The biggest thing has been motivating them to play hard every single point of every single game. That’s been the biggest adjustment; in the NBA, you don’t necessarily have to do that. In the NBA, there are five players out there and if three of them are buying in, sometimes one or two players don’t need to buy in as much and that’s a bit easier for guys. But here? They have to buy in and you need to get them to understand that’s what it takes to win. Yes, it’s about scoring 50 points and you have to put points on the board, but you really need to play good defense if you want to win.
You had a fantastic career, winning five championships as a player and several more as a coach. What are your interactions with today’s players like? Do you feel like today’s players respect their predecessors?
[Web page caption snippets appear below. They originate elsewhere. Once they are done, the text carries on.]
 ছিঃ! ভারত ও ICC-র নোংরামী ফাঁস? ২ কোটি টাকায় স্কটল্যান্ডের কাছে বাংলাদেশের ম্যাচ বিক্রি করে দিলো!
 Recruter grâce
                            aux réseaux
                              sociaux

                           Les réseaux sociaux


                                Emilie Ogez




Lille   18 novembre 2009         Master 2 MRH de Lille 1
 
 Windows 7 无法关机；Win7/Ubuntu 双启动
MC: Even if the players haven’t seen my career or heard about it, they know that I’ve won championships and I think that alone brings me some respect. Among the peers I’m coaching against – Dr. J and Rick Mahorn to name just a few – they understand and are telling their players about that. I think we all talk to our players about who we are and what we’d like our team to be. For me, they understand that’s more of a defensive-minded approach with my background. The players we’re coaching in the Big3 have respect. But they’re only going to respect you if they feel you’re committed and putting your all into the game. If you’re just there for a paycheck and just sitting there, letting them do their thing, they won’t respect you as much. I’m not that type of coach, and I don’t think any of the coaches in our league are that way. The respect factor is already there.
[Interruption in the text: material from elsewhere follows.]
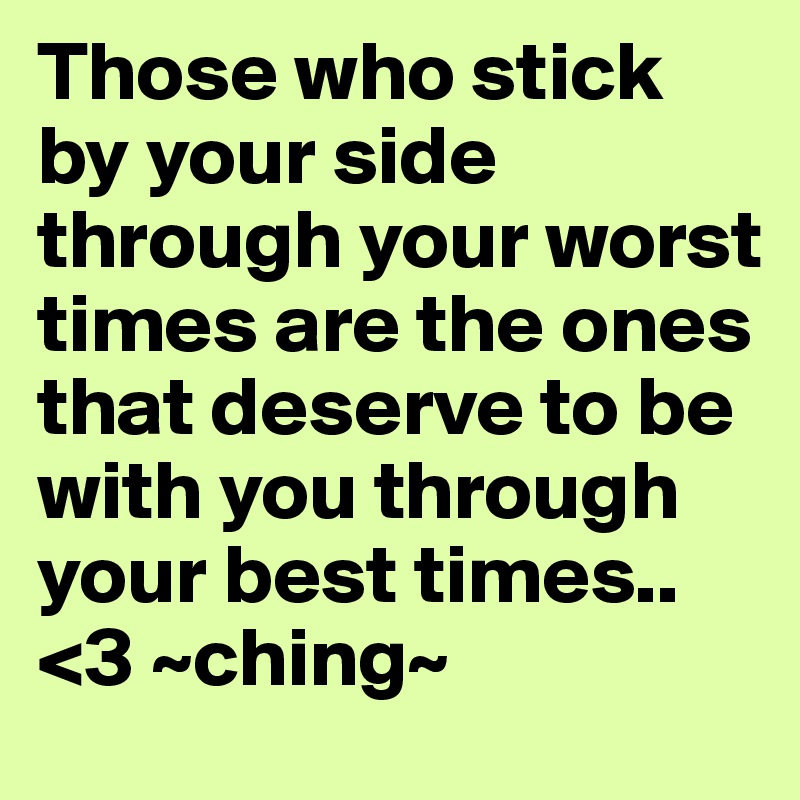 Those who stick by your side through your worst times are the ones that deserve to be with you through your best times.. <3 ~ching~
It can be tougher to get that respect at the NBA level because the guys make so much money, and money is the biggest thing. Sometimes, they won’t listen to coaches that they deem “losers.” But that’s why it’s so special when you get a team like Golden State or Toronto who buy into their coaches and what they’re saying. That’s how those teams become champions.
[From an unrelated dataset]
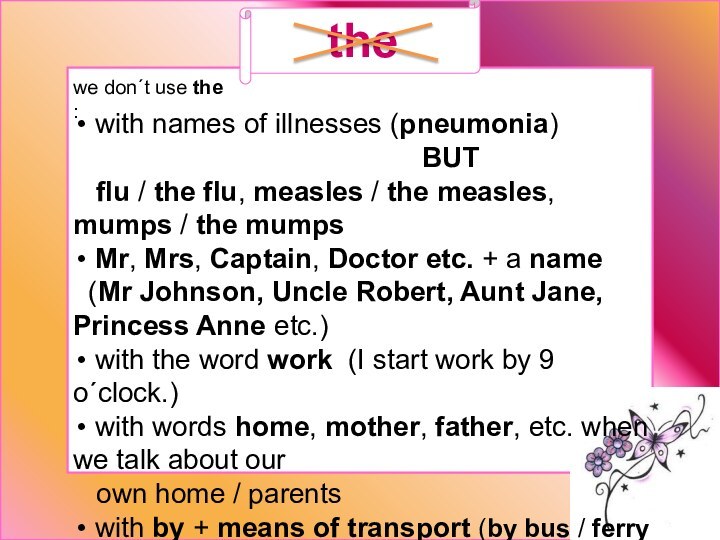 the we don´t use the : with names of illnesses (pneumonia)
The style of play in the NBA has changed so much in recent years, with teams shooting a lot of three-pointers, putting less emphasis on positions, switching a ton on defense and things like that. What do you make of today’s style of play and how it’s evolving?
MC: Well, I was just talking about this with a good friend of mine and my former teammate, Norm Nixon. We do a show together and he said something that I really agree with. He said, “The NBA has always been the center of attention and everybody always tried to play the game like us. Now that the game is everywhere and you’re seeing many more European players, now European basketball is sort of taking over the NBA and we’re starting to play the game like them.” To me, that’s a bad thing. Now, it’s all about three-point shots. It’s all about point forwards. It’s about players moving out of positions. There’s no true point guard, no true two-guard, no true three, no true four.
Is this a good thing? I think, eventually, it could be. But we have to get back to understanding that championships are won in the paint and by playing a certain way. When you get a team like Golden State that shoots a ton of threes and has 6-foot-8 Draymond Green at the center and they win multiple championships, [teams are going follow that model]. Draymond can play all five positions and that’s great! But someone like Draymond can’t defend a center; at least, he couldn’t in our era. I would love to see Draymond try to guard Kareem Abdul-Jabbar or Wilt Chamberlain or Bob Lanier or Jack Sikma. But the league has changed and everyone tries to go with that same format. What it’s doing is making the league more like European basketball.
With the Clippers landing Kawhi Leonard and Paul George, there’s been talk about how the Clippers may be the best team in Los Angeles right now. How great is it for Los Angeles to have this much talent and what are your thoughts on the Clippers challenging the Lakers?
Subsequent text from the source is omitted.